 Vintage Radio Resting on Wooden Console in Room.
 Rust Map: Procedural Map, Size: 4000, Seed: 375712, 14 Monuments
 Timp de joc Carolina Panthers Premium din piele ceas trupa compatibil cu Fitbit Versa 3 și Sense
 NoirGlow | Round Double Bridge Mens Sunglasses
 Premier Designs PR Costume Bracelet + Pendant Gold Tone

__________________________________________________

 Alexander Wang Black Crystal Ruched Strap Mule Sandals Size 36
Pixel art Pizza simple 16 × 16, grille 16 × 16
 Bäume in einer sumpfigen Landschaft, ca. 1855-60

__________________________________________________

When you reach the line with "Vintage Radio Resting" in the records above, start writing out lines exactly, and stop once the line with "Premier Designs PR" has been written; include nothing else.

 Vintage Radio Resting on Wooden Console in Room.
 Rust Map: Procedural Map, Size: 4000, Seed: 375712, 14 Monuments
 Timp de joc Carolina Panthers Premium din piele ceas trupa compatibil cu Fitbit Versa 3 și Sense
 NoirGlow | Round Double Bridge Mens Sunglasses
 Premier Designs PR Costume Bracelet + Pendant Gold Tone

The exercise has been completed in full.